Begin your copy at the line with "Cassandra & Billy" in the records below and end it at the line with "Vaude Larice Skihose lang royal (Herren)", restating each line word for word; omit the pictures.

**Information supplied:**
※ ※ ※
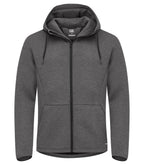Anthracite Melange [955]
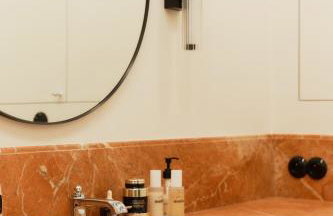 Mianowskiego 24 by Homeprime - Photo 21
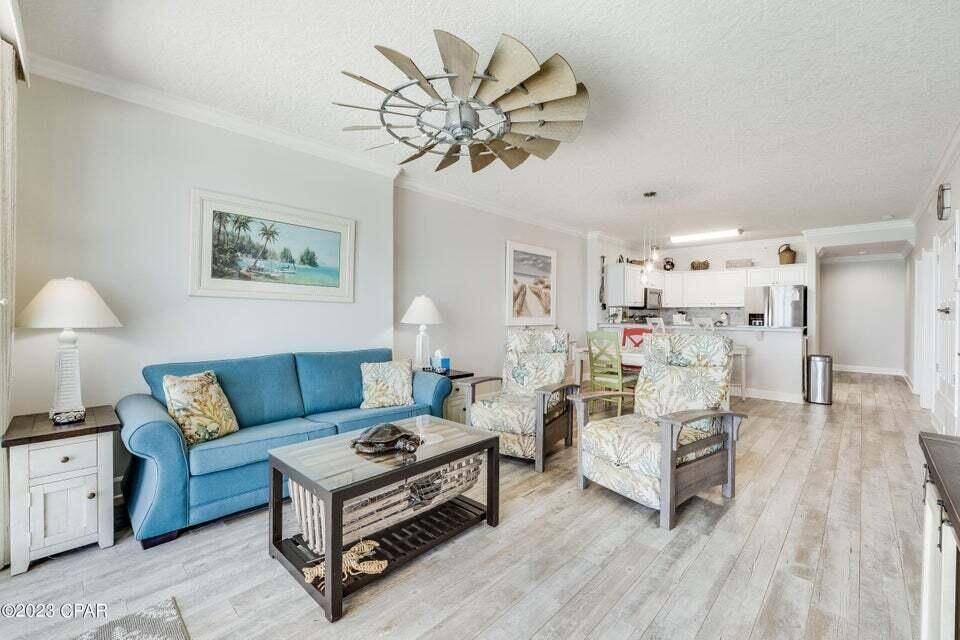 Panama City Beach, FL 32413,17545 Front Beach Road  #UNIT 810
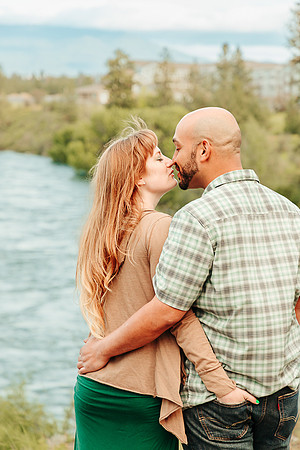 Cassandra & Billy - engagement -IMG_6463 - June 18, 2022 - ©Radiant Photography by Selina - Selina Gilchrist
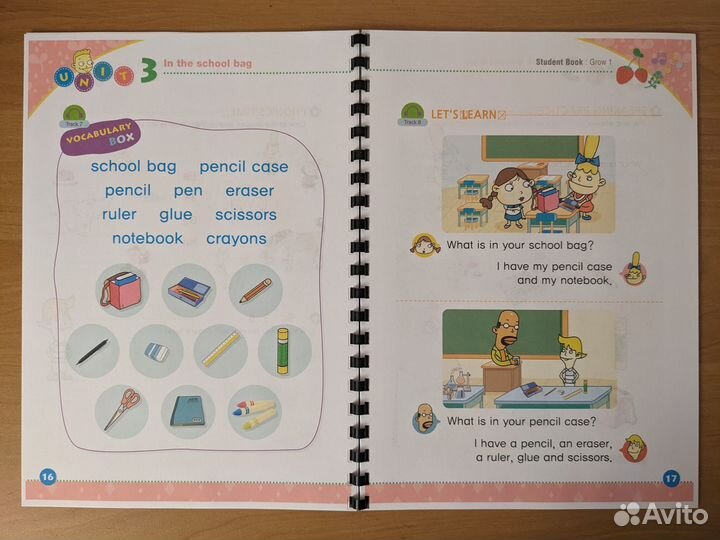 Печать черно-белых и цветных документов А4, А5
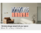 Samsung Frame 65" QLED 4K AI
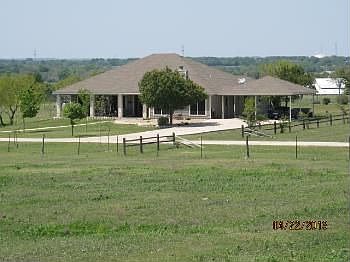 1st image of 8654 Bell Meadow Blvd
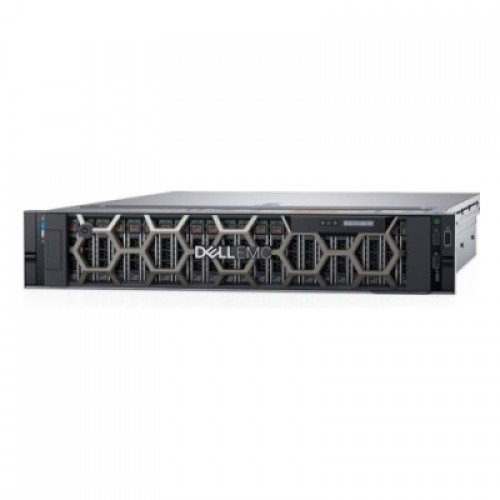 Сервер Dell PowerEdge R740XD (PER740XDRU6-5) 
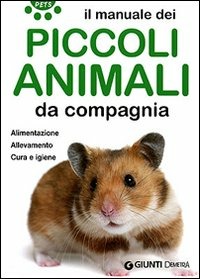 Libreria Internazionale Romagnosi snc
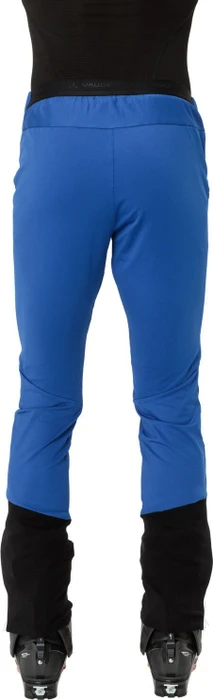 Vaude Larice Skihose lang royal (Herren)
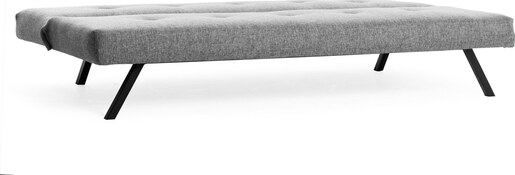 Trosjed, Zola - Light Grey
※ ※ ※
**Your solution:**
 Cassandra & Billy - engagement -IMG_6463 - June 18, 2022 - ©Radiant Photography by Selina - Selina Gilchrist
 Печать черно-белых и цветных документов А4, А5
 Samsung Frame 65" QLED 4K AI
 1st image of 8654 Bell Meadow Blvd
 Сервер Dell PowerEdge R740XD (PER740XDRU6-5) 
 Libreria Internazionale Romagnosi snc
 Vaude Larice Skihose lang royal (Herren)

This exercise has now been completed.